The other thing to do of course is use the models provided by Adrian Immler.

So why not just release the program as it is now, with the understanding that the Immler models are not automated ? Because there are other things I need to clean up. As it is now it is just something I use, I need to clean up the menus, and remove things that dont work, or features I started to add but didnt finish etc.

I have set a target of Sept 1 to finish this program.
Oh, I forgot to say what yeare. OK, Sept 1 2020.

Return to Bob’s House of Stories

I have not posted to my blog, or even looked at it, for quite some time. ( February 24 in fact)

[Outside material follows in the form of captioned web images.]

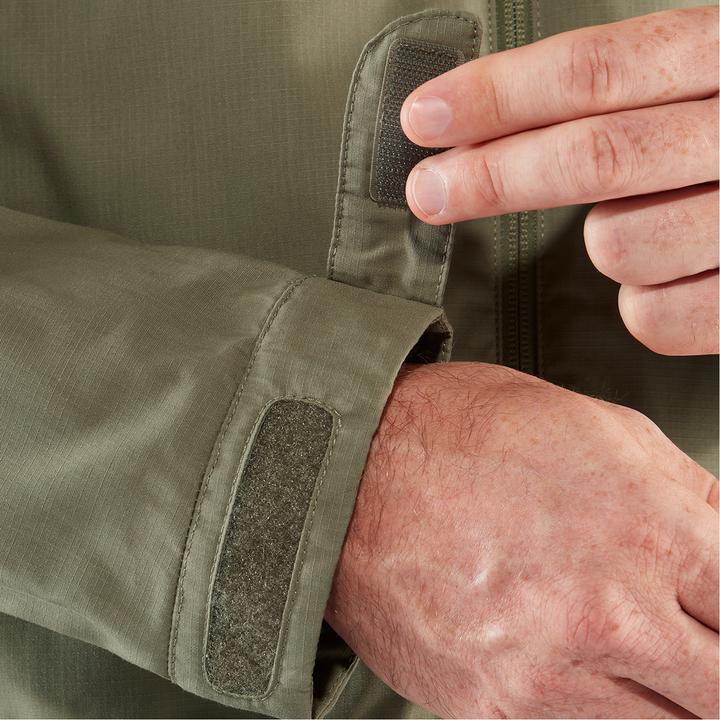 Produktbild Fjällräven 1086135 (S)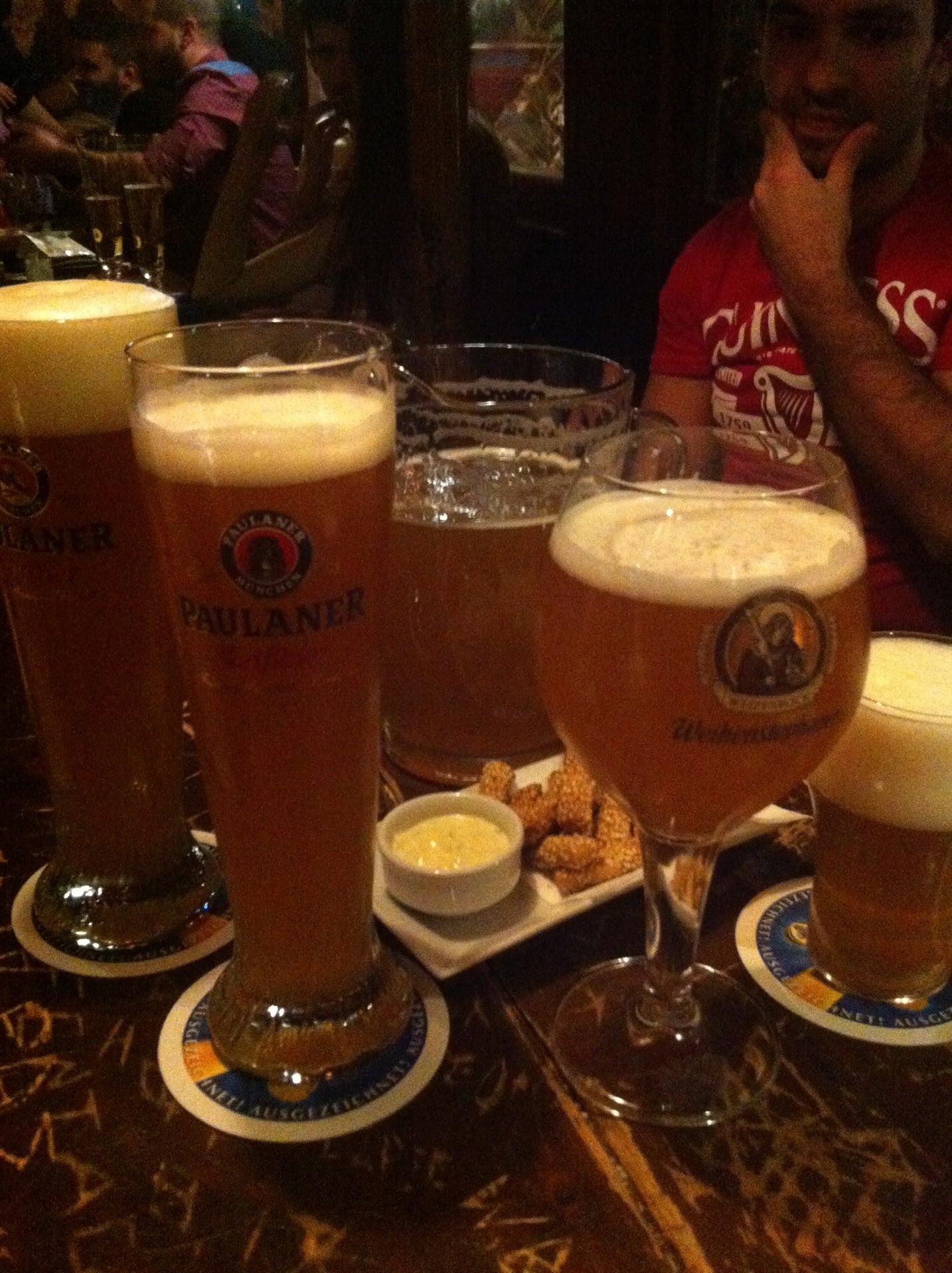 beer-bar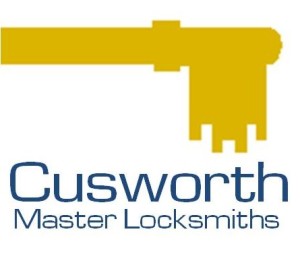 Cusworth Locksmith Wilmslow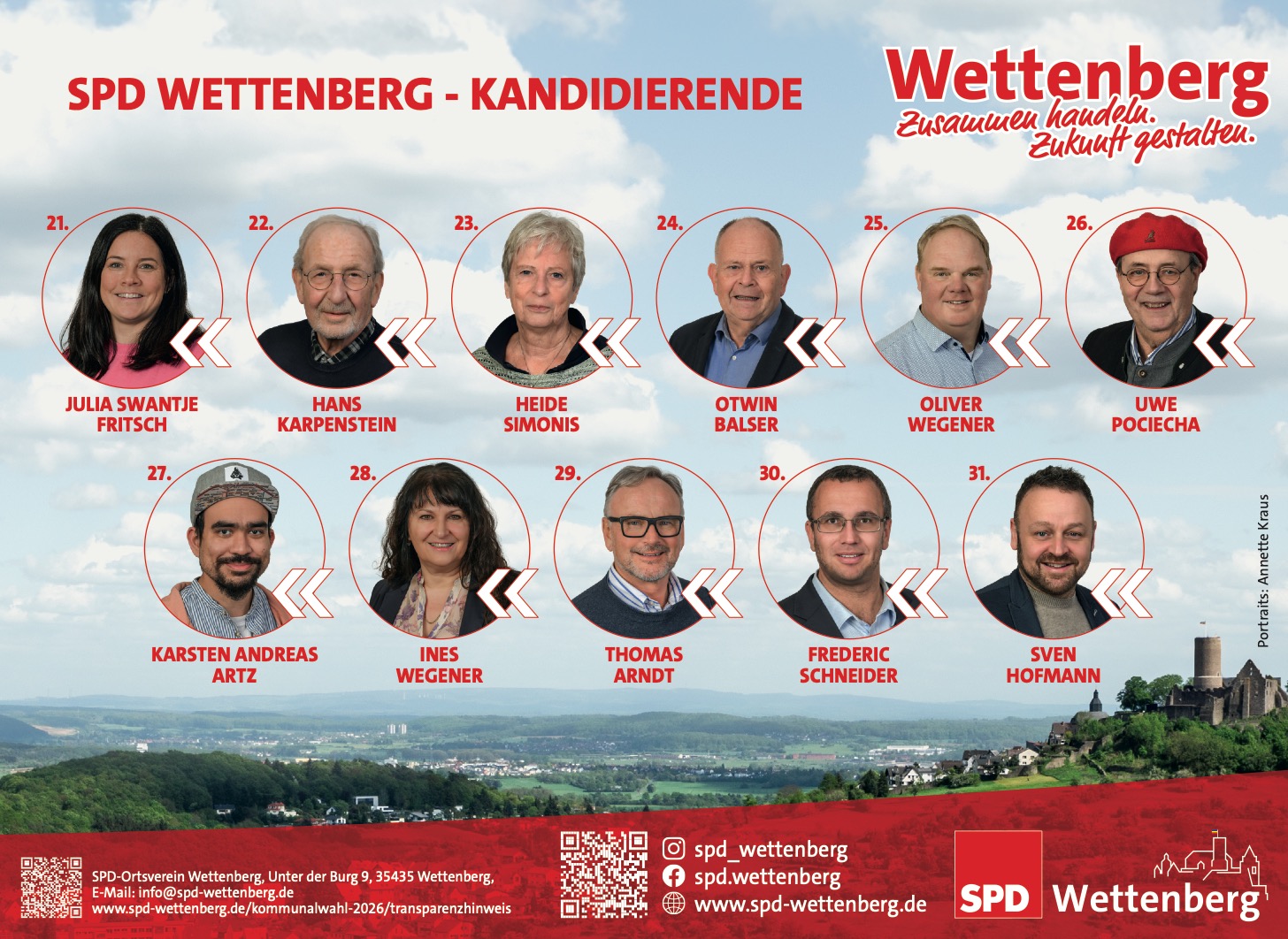 SPD_Kandidierende_KW09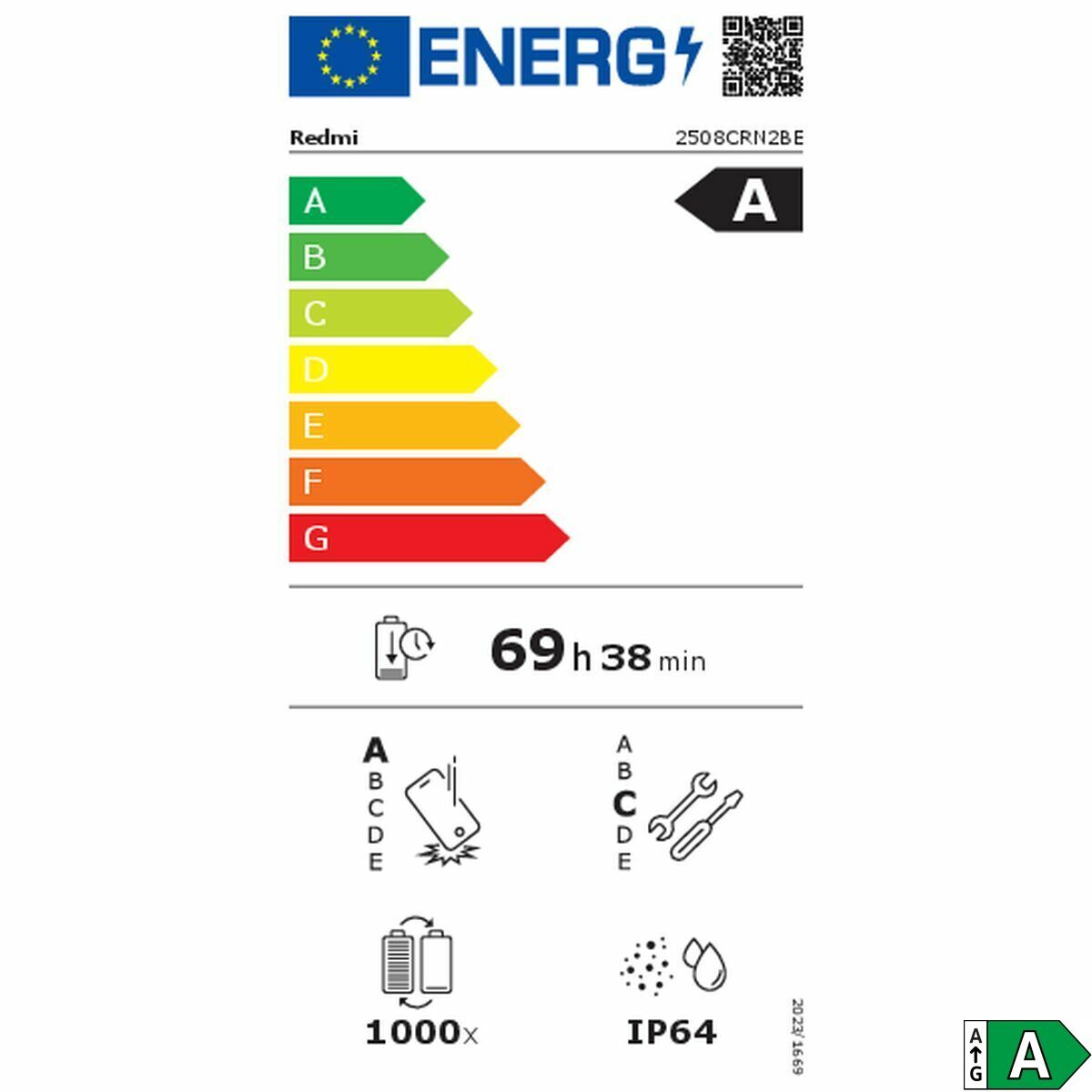 V2HD74BAB3B34381DF6BF84182B83394D62R7491511P2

It may be that I prefer doing things to writing about doing things, or it may be just laziness.

My main focus prior to abandoning my blog was on SPICE modelling. In my next post I will go into more detail about the problems I am having on that front.

And in the the post after that I will talk about my Big Radio project, which illustrates what I meant about doing things rather thatn writing about things.

I know everybody has to find a way to prioritize and get things done. I am certainly not the only one who cant seem to find enough hours in a day. For some time I have my house cleaning with a check list I stick on my refrigerator. By following this schedule I keep my house from turning into some sort of slum dwelling. It really works for me.

I think I will make a similar schedule or check list of things to do each day or each week : blog writing work, radio project work, SPICE modelling program work, chess practice work, exercise work, golf practice work, project Euler work, armchair philosophising work, etc.

Now I just need to schedule some time to make a schedule.

Delays to SPICE Modelling posts

I has been some time since I have posted anything in my series of SPICE modelling stories. There are two reasons. I have taken some time to look over the triode and the pentode models of Adrian Immler. I have been successful in updating my program to do parameter extractions for Immler’s triode model. His pentode model is giving me a little bit more trouble. I need to do a bit more work. The second reason is that I have switched from using FreePascal and the Lazarus IDE, and am now using Embarcadero Delphi. They are both Pascal at heart, so the change was not difficult, but it did take some time. I hope to be able to make a post about Immler’s models soon.